765 Productions is an agency for idol talent. At the moment they have many girls but little success. One producer is determined to make each a star. Each girl has her special talent, it's just a matter of getting them out there to showcase it. The days are slow and fun, but as things pick up the girls discover success may come at the price of friendship.
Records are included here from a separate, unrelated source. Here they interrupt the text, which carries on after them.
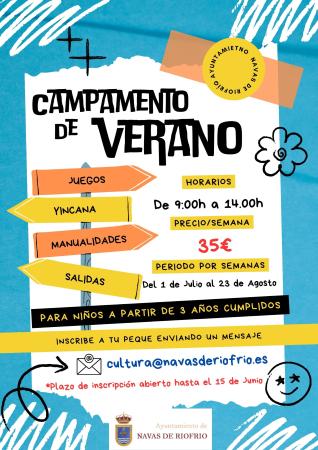 Imagen CAMPAMENTOS DE VERANO 2024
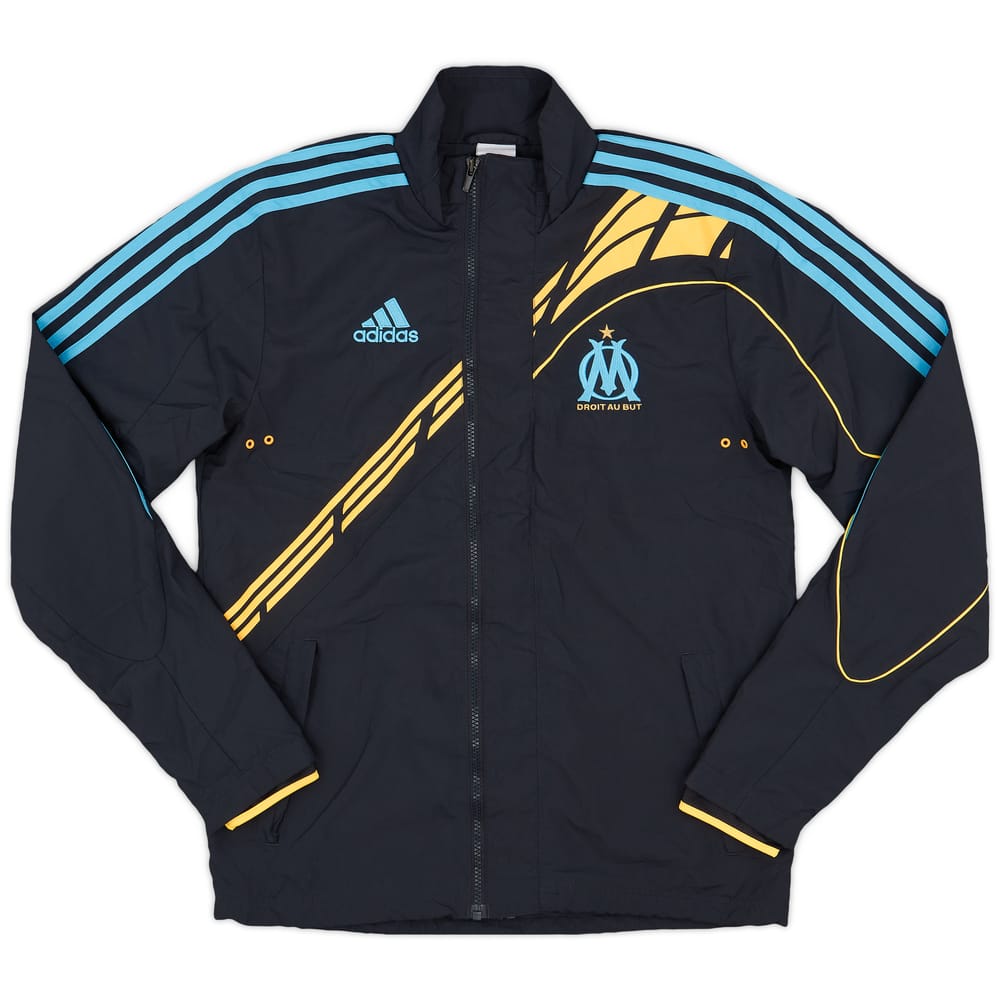2009-10 Olympique Marseille adidas Track Jacket - 9/10 - (M)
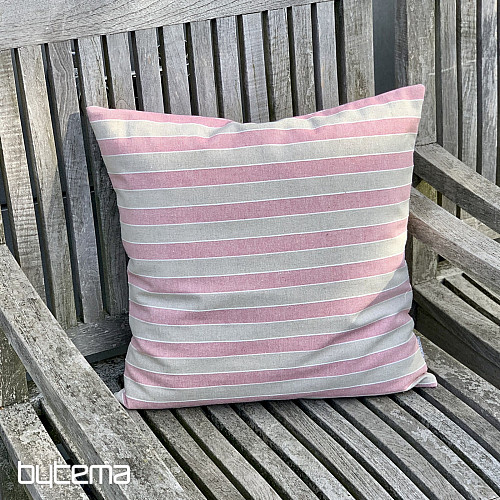 Federa decorativa TREBOL PINK STRIPES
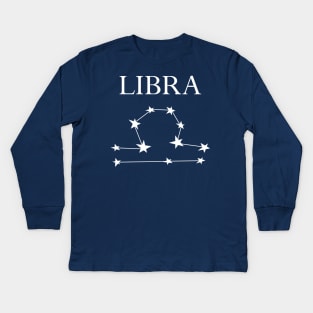 Libra Symbol Kids Long Sleeve T-Shirt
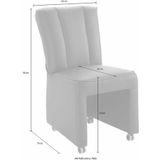 exxpo - sofa fashion Sessel "Costa, Loungesessel, Hochlehnsessel, auf Rollen, Komfortsitzhöhe 53cm", kompakt und bequem, Breite 52 cm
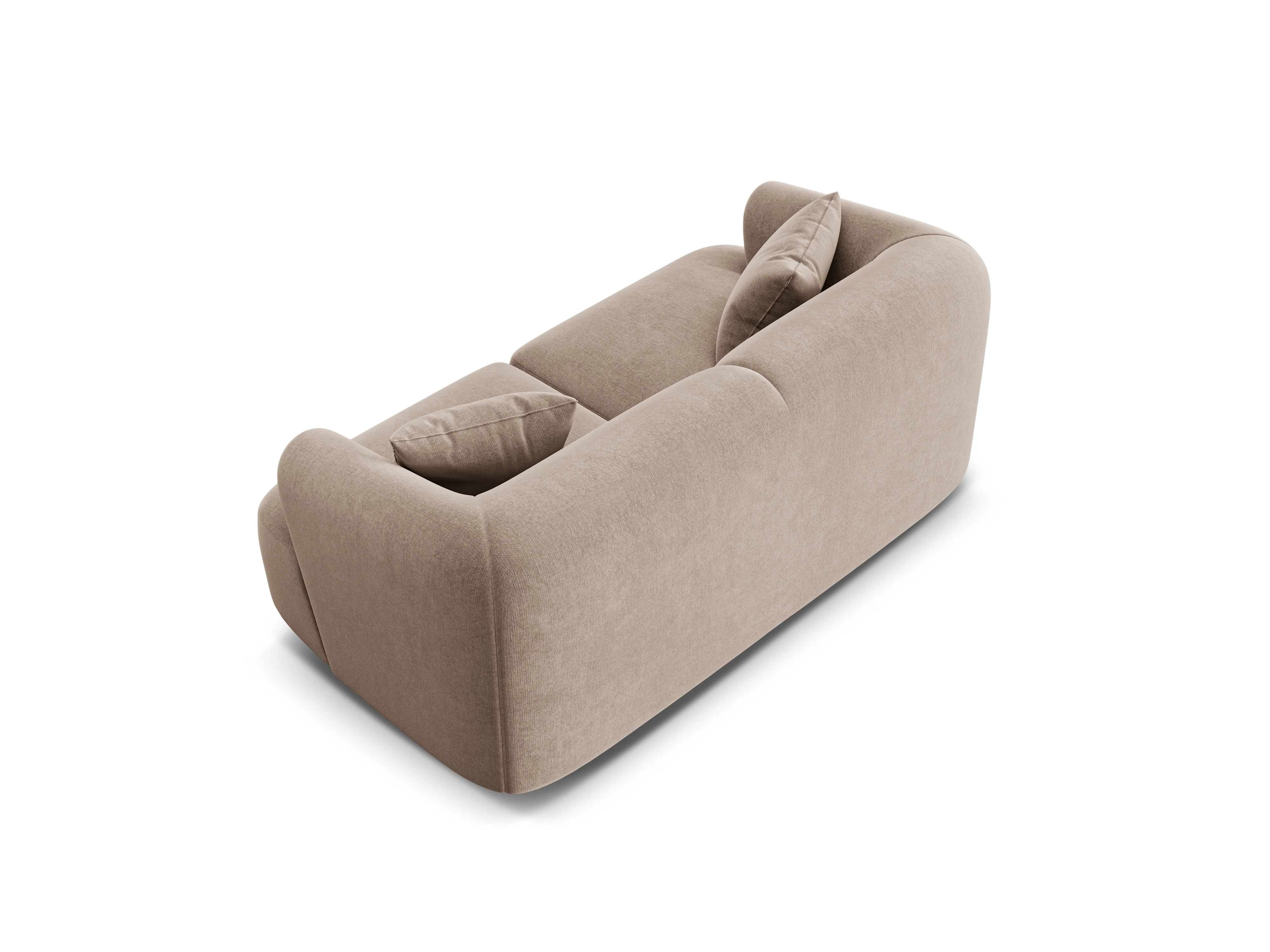 Sofa aksamitna 2-osobowa CAMPI ciemnobeżowy - Image 3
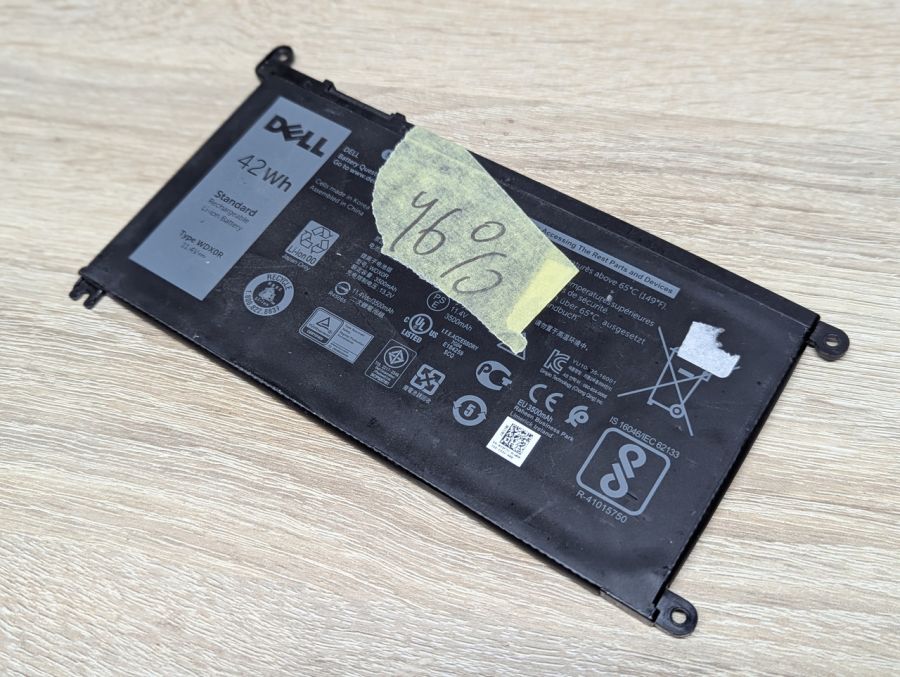 Б/В Оригінальна акумуляторна батарея Dell WDX0R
What Idolmaster is (and isn't) has a lot to do with the RPG game it's based off of. In the game you take charge of an idol(s) to help her achieve stardom. Personalties in the anime make more sense since they're intended as game choices. This is also why the main male character is referred to generically as "producer". It may seem strange to have an idol anime with few performances, but the anime styled game already covers every performance scenario possible. Any combination of girls can be chosen to perform songs, and they're well coriographed, so it's all done before and fairly well. With the game's extensive song catalog, the Idolmaster soundtrack is impressive. They're too generic for my tastes, and I'm not a fan of the unison singing Japanese idol groups do anyway. Even so, there was occasionally a song I really wanted to hear, but only a sliver of the performance is shown. If you want an anime about idols with singing / dancing, Idolmaster doesn't have much of that. Instead of delving into the performance aspect of idols, Idolmaster follows the story of the 765 Productions' idols.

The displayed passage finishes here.